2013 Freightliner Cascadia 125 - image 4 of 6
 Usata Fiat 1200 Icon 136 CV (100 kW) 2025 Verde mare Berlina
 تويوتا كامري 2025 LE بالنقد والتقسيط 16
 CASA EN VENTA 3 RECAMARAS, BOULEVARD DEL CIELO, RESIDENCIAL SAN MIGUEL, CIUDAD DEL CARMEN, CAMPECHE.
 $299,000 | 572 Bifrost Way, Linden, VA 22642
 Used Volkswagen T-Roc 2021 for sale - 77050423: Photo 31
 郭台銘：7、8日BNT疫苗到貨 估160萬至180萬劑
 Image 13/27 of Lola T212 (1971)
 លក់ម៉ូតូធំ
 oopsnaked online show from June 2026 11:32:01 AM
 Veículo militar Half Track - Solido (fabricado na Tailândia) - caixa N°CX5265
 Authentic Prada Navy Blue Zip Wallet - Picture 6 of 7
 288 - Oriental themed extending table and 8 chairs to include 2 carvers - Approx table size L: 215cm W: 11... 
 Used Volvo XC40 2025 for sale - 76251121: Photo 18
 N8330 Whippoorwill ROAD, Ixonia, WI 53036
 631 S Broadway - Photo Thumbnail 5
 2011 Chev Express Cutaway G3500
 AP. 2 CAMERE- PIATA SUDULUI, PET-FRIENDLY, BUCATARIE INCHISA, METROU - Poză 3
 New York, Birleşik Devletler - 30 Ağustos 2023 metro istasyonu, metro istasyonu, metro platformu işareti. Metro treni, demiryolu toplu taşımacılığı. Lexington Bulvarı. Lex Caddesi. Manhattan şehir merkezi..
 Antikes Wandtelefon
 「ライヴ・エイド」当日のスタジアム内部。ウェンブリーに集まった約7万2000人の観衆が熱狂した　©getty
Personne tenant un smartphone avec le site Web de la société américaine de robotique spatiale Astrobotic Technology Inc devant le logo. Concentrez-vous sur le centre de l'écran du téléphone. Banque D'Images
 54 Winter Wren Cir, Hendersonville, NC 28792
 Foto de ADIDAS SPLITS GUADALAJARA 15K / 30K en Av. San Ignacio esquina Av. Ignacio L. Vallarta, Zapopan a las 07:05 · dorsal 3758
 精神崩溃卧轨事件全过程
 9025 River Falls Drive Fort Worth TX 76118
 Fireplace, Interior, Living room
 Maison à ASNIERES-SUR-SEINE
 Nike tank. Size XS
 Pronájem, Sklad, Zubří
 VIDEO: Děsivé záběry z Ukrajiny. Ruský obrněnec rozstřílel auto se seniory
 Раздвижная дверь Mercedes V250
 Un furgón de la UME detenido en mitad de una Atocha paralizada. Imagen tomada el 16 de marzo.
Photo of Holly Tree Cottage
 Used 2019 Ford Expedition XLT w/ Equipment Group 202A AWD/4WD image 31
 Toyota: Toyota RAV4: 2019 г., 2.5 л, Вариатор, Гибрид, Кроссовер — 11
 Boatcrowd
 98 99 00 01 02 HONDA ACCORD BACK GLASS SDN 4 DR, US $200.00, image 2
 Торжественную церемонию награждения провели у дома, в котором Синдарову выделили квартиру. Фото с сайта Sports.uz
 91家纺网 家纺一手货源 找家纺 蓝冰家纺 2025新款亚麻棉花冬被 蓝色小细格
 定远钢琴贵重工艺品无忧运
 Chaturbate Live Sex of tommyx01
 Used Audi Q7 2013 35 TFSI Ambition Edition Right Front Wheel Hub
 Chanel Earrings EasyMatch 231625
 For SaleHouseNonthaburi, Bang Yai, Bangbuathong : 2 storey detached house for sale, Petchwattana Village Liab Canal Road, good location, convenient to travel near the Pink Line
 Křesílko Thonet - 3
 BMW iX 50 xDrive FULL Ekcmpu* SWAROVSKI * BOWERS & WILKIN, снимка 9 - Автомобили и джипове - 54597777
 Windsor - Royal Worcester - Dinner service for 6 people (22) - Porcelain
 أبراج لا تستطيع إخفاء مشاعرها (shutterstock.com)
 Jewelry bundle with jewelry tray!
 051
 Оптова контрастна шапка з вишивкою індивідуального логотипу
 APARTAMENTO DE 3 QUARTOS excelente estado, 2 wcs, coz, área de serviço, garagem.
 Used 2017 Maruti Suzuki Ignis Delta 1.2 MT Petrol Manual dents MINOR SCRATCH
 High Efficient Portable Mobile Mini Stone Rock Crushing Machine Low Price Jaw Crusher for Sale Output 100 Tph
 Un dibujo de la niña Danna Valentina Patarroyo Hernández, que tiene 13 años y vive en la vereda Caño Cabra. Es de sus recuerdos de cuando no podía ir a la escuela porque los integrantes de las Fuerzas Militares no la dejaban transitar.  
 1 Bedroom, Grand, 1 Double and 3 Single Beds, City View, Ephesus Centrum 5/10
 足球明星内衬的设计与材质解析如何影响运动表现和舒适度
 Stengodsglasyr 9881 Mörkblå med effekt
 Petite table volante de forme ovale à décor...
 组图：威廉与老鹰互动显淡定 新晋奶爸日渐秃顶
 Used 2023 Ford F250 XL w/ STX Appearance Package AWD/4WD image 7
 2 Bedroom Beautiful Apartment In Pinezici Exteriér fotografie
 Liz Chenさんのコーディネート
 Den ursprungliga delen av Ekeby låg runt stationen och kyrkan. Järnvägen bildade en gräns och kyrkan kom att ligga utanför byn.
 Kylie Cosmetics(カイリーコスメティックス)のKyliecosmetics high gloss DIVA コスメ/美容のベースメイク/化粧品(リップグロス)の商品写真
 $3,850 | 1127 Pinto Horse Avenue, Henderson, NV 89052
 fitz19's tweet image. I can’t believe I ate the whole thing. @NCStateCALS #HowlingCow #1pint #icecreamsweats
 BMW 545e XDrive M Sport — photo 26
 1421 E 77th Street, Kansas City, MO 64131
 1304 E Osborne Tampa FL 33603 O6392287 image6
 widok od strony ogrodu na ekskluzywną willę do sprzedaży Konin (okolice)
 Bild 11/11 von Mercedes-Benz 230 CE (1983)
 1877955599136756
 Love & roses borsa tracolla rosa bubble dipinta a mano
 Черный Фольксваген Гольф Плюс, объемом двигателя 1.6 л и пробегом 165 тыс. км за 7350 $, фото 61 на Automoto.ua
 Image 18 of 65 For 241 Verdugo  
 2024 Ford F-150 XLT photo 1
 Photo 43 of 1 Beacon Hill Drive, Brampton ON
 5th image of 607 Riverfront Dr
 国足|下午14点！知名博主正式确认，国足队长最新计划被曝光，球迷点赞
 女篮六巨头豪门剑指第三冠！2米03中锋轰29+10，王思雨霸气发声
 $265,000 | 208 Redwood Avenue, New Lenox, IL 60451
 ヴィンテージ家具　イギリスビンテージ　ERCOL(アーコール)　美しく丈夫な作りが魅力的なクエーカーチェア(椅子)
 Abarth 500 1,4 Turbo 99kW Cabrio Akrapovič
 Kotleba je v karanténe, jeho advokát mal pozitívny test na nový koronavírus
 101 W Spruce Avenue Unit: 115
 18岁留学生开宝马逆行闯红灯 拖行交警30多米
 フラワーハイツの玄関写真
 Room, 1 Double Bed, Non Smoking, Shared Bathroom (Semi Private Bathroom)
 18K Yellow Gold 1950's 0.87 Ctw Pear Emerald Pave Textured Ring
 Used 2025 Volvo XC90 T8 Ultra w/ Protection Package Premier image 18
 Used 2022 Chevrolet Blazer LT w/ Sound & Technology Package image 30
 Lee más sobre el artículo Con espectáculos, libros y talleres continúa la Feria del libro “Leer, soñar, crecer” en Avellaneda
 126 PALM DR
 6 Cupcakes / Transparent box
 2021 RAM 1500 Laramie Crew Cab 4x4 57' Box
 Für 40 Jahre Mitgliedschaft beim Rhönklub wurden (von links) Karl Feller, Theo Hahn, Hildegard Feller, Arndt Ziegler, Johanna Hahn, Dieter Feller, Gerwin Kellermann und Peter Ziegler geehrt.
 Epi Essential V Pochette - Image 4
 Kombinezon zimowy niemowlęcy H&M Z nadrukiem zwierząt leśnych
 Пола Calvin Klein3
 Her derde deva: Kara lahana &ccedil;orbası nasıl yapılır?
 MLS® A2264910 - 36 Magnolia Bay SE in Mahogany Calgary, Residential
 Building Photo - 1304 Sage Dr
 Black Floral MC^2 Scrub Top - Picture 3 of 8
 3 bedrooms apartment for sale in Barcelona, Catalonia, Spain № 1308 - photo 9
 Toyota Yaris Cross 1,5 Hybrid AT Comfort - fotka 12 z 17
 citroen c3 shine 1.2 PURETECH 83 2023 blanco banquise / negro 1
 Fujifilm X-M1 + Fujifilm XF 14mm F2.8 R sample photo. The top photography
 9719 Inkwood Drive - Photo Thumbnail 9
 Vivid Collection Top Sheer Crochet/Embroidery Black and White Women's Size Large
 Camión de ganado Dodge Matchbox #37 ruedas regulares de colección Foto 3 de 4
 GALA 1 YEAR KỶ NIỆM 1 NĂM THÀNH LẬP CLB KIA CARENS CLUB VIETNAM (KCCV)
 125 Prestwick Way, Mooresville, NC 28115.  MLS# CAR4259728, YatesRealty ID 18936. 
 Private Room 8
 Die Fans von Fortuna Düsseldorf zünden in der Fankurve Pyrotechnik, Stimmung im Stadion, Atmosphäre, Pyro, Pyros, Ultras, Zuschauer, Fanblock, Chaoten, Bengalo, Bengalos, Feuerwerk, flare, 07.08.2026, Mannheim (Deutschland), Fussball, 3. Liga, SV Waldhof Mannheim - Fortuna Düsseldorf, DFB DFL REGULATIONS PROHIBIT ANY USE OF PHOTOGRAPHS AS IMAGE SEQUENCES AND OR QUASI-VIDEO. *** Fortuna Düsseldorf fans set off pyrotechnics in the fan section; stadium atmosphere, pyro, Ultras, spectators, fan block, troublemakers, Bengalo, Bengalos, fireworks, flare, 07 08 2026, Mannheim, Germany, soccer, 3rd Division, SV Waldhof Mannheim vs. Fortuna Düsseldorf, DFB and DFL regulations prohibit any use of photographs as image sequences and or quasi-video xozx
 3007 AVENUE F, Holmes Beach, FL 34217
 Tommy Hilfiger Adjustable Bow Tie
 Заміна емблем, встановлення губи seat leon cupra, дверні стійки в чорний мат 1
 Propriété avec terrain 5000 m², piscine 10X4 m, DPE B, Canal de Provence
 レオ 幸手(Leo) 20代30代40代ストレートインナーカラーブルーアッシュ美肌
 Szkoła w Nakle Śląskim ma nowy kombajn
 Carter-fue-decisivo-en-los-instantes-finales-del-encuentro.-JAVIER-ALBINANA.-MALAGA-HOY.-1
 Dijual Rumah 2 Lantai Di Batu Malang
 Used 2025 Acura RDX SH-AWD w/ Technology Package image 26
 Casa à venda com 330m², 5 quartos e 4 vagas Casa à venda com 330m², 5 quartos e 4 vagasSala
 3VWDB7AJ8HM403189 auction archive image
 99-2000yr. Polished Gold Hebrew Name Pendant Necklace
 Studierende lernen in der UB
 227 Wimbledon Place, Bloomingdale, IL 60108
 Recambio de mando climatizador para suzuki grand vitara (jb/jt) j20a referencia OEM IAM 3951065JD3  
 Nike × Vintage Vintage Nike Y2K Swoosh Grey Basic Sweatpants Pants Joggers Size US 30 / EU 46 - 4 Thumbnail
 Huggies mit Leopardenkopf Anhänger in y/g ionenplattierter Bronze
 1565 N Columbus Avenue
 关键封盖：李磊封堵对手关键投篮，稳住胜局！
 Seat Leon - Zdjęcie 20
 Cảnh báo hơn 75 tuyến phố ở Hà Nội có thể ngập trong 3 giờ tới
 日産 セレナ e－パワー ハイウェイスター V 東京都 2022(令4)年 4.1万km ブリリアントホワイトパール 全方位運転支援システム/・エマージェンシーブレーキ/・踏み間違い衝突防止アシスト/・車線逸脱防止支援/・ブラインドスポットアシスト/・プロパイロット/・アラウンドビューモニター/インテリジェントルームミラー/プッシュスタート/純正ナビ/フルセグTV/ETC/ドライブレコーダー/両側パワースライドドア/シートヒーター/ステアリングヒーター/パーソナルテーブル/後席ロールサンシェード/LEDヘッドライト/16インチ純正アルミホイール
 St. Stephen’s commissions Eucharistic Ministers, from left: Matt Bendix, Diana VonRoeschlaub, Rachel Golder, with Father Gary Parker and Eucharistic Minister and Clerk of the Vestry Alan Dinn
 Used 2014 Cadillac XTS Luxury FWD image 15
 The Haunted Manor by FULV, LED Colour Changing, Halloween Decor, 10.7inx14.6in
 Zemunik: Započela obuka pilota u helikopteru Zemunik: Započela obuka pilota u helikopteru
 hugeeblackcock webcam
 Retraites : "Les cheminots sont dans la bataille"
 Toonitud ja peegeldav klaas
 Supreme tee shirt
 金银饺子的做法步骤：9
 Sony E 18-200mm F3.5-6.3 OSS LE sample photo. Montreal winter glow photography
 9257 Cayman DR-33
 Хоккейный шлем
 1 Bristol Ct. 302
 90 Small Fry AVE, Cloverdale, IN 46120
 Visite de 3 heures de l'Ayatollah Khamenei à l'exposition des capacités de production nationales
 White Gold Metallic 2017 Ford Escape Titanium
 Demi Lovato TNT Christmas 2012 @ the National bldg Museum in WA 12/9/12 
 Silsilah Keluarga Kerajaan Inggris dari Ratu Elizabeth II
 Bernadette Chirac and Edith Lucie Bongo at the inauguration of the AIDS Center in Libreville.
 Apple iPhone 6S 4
◇ ◇ ◇
DIRECTIONS FOR THIS TASK → Please give an exact copy of the lines above, beginning with the line containing "2011 Chev Express Cutaway G3500" and running through the line containing "Křesílko Thonet - 3", and of no other lines.

OUTPUT →
 2011 Chev Express Cutaway G3500
 AP. 2 CAMERE- PIATA SUDULUI, PET-FRIENDLY, BUCATARIE INCHISA, METROU - Poză 3
 New York, Birleşik Devletler - 30 Ağustos 2023 metro istasyonu, metro istasyonu, metro platformu işareti. Metro treni, demiryolu toplu taşımacılığı. Lexington Bulvarı. Lex Caddesi. Manhattan şehir merkezi..
 Antikes Wandtelefon
 「ライヴ・エイド」当日のスタジアム内部。ウェンブリーに集まった約7万2000人の観衆が熱狂した　©getty
Personne tenant un smartphone avec le site Web de la société américaine de robotique spatiale Astrobotic Technology Inc devant le logo. Concentrez-vous sur le centre de l'écran du téléphone. Banque D'Images
 54 Winter Wren Cir, Hendersonville, NC 28792
 Foto de ADIDAS SPLITS GUADALAJARA 15K / 30K en Av. San Ignacio esquina Av. Ignacio L. Vallarta, Zapopan a las 07:05 · dorsal 3758
 精神崩溃卧轨事件全过程
 9025 River Falls Drive Fort Worth TX 76118
 Fireplace, Interior, Living room
 Maison à ASNIERES-SUR-SEINE
 Nike tank. Size XS
 Pronájem, Sklad, Zubří
 VIDEO: Děsivé záběry z Ukrajiny. Ruský obrněnec rozstřílel auto se seniory
 Раздвижная дверь Mercedes V250
 Un furgón de la UME detenido en mitad de una Atocha paralizada. Imagen tomada el 16 de marzo.
Photo of Holly Tree Cottage
 Used 2019 Ford Expedition XLT w/ Equipment Group 202A AWD/4WD image 31
 Toyota: Toyota RAV4: 2019 г., 2.5 л, Вариатор, Гибрид, Кроссовер — 11
 Boatcrowd
 98 99 00 01 02 HONDA ACCORD BACK GLASS SDN 4 DR, US $200.00, image 2
 Торжественную церемонию награждения провели у дома, в котором Синдарову выделили квартиру. Фото с сайта Sports.uz
 91家纺网 家纺一手货源 找家纺 蓝冰家纺 2025新款亚麻棉花冬被 蓝色小细格
 定远钢琴贵重工艺品无忧运
 Chaturbate Live Sex of tommyx01
 Used Audi Q7 2013 35 TFSI Ambition Edition Right Front Wheel Hub
 Chanel Earrings EasyMatch 231625
 For SaleHouseNonthaburi, Bang Yai, Bangbuathong : 2 storey detached house for sale, Petchwattana Village Liab Canal Road, good location, convenient to travel near the Pink Line
 Křesílko Thonet - 3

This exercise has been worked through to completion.